The Federal Reserve is not spared either. Since 1977, Congress has tasked the Fed with overseeing the nation’s monetary policy. Its objectives have slowly sprawled beyond controlling inflation and stimulating employment, but the Democrats want to give it one more job: enforcing “racial equity.” It remains unclear what exactly that means in practice, but we do know that a Democratic president would nominate a chairwoman or governors who would work on “countering … racial employment and wage gaps.” How the Fed’s “racial equity” policies would affect interest rates is unclear, but injecting critical race theory into the central bank likely means the end of its ostensible political neutrality.

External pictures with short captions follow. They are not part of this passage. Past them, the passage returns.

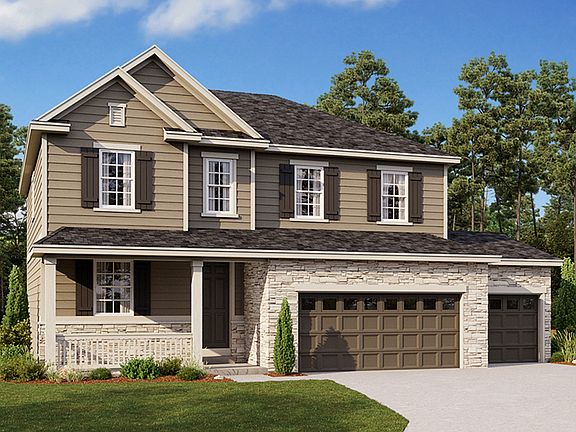 The Hemingway - Elevation C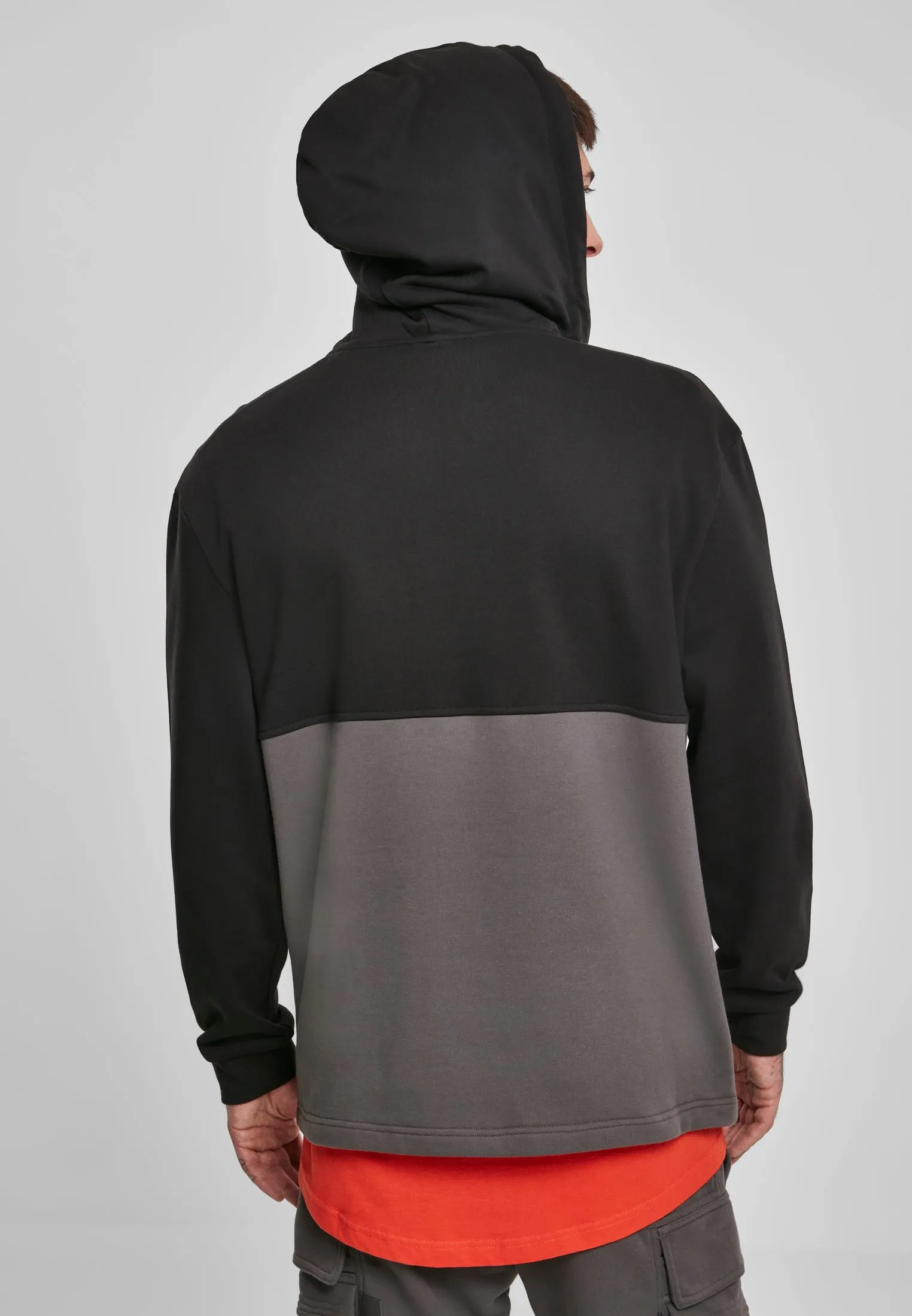 UC Relaxed Half Zip Hoodie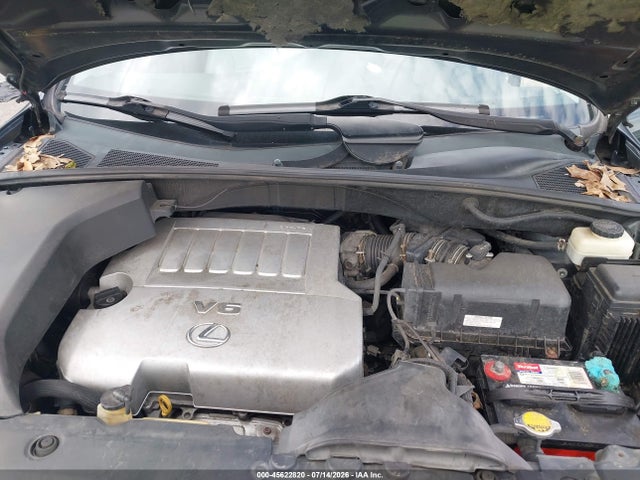2009 Lexus Rx 350 მანქანა იყიდება აუქციონზე, vin: 2T2GK31U39C063670, აუქციონის ნომერი: 45622820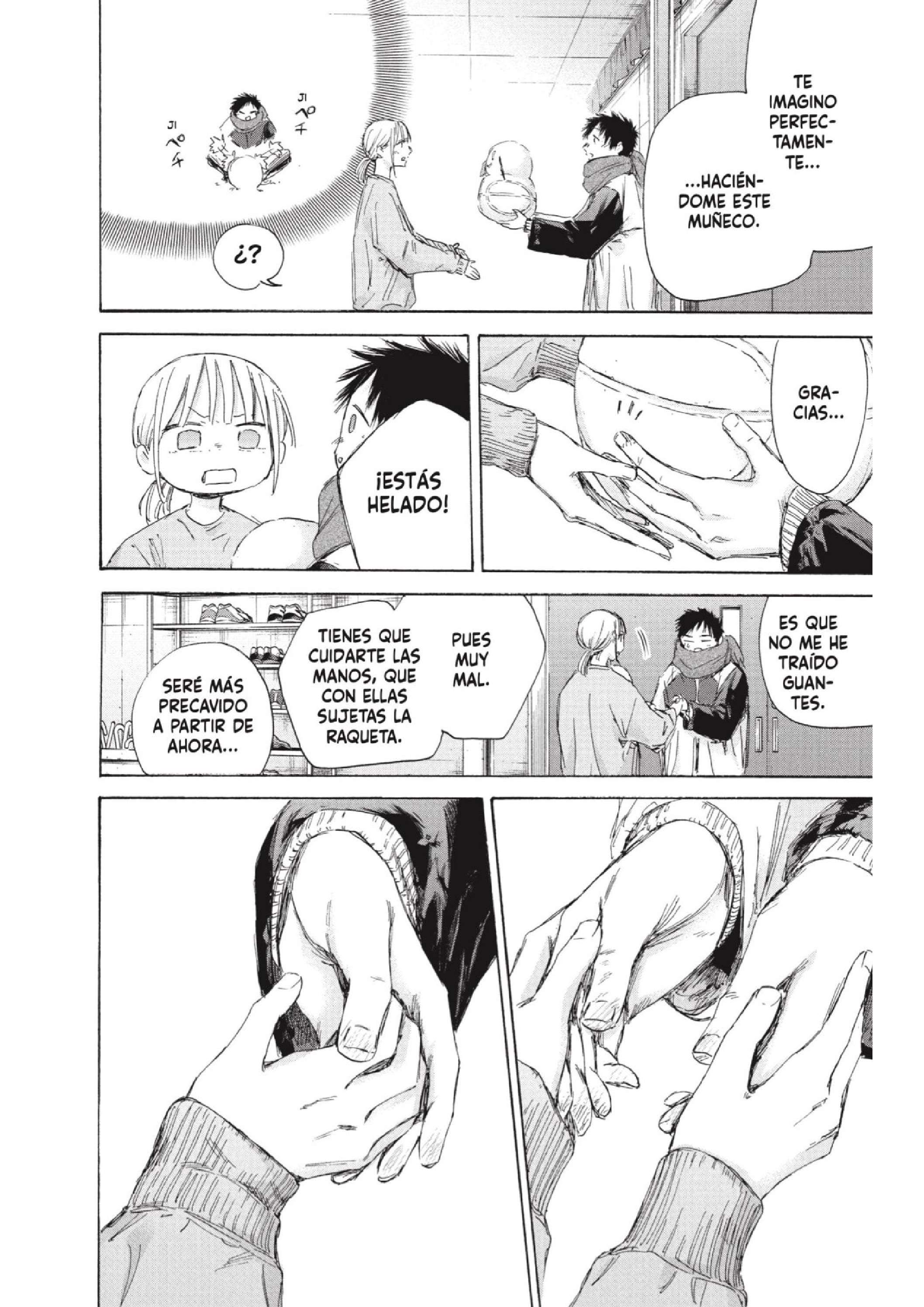 Read Blue Box (es) Manga Online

If we don’t know what intersectionality means for monetary policy, we do know what it means for the police. Law enforcement, the excesses of which the Democrats call a “stain on the soul of our nation,” requires a complete “overhaul … from the top to the bottom.” The standard left-wing replacements for the criminal justice system, such as expanded educational opportunities and housing, are peppered throughout the Democratic platform, but one stands out: “We believe that if you aren’t old enough to drink, you aren’t old enough to be sentenced to life without parole,” a new kind of extended adolescence that means Sandy Hook killer Adam Lanza would have been unjustly locked in prison for the rest of his life had he not committed suicide following his massacre of schoolchildren.

It turns out that much of the language in the new Democratic platform was copied, sometimes word for word, from the summarized findings of the Biden-Bernie Sanders Unity Task Force. Pages in the Democratic Party’s platform on topics such as “PROTECTING COMMUNITIES AND BUILDING TRUST BY REFORMING CRIMINAL JUSTICE SYSTEM” or the bizarre tangent about transforming the Fed into a college sociology department are identical to those recommended by America’s leading socialists, such as Sen. Sanders and Rep. Alexandria Ocasio-Cortez.

Biden made a promise to his vanquished opponent Sanders, out of fear that young leftists would stay at home in November if they felt snubbed, following the end of the Vermont senator’s second (and almost certainly last) presidential campaign that he and his supporters would have a seat at the table when the Democratic Party formulated its agenda. The document reads as though that seat was at the head of the table.

Joseph Simonson is a Washington Examiner political reporter.